Goal of the exercise - Using the records below, repeat exactly the lines from the one holding "Ciudad Cayalá es" through the one holding "Four Apple Furniture", both ends included, and no others.

Material supplied -
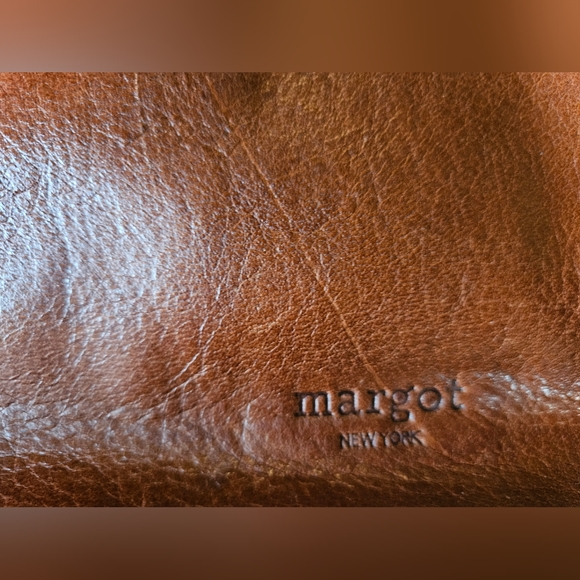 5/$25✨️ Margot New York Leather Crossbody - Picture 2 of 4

...

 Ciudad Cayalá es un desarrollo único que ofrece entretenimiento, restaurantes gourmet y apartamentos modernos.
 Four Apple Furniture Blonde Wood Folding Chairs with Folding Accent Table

---

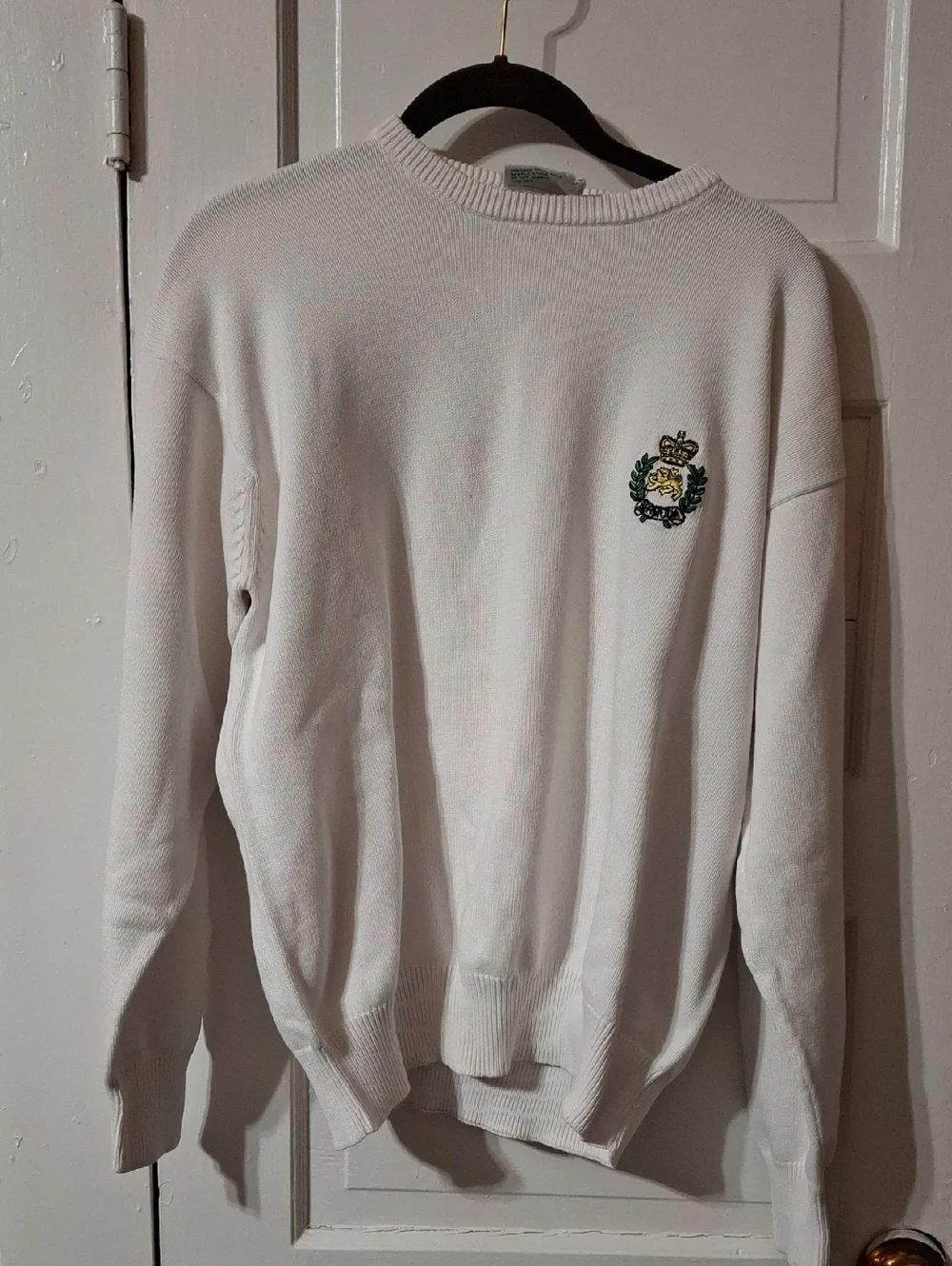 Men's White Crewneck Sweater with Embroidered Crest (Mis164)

Completed task -
 Ciudad Cayalá es un desarrollo único que ofrece entretenimiento, restaurantes gourmet y apartamentos modernos.
 Four Apple Furniture Blonde Wood Folding Chairs with Folding Accent Table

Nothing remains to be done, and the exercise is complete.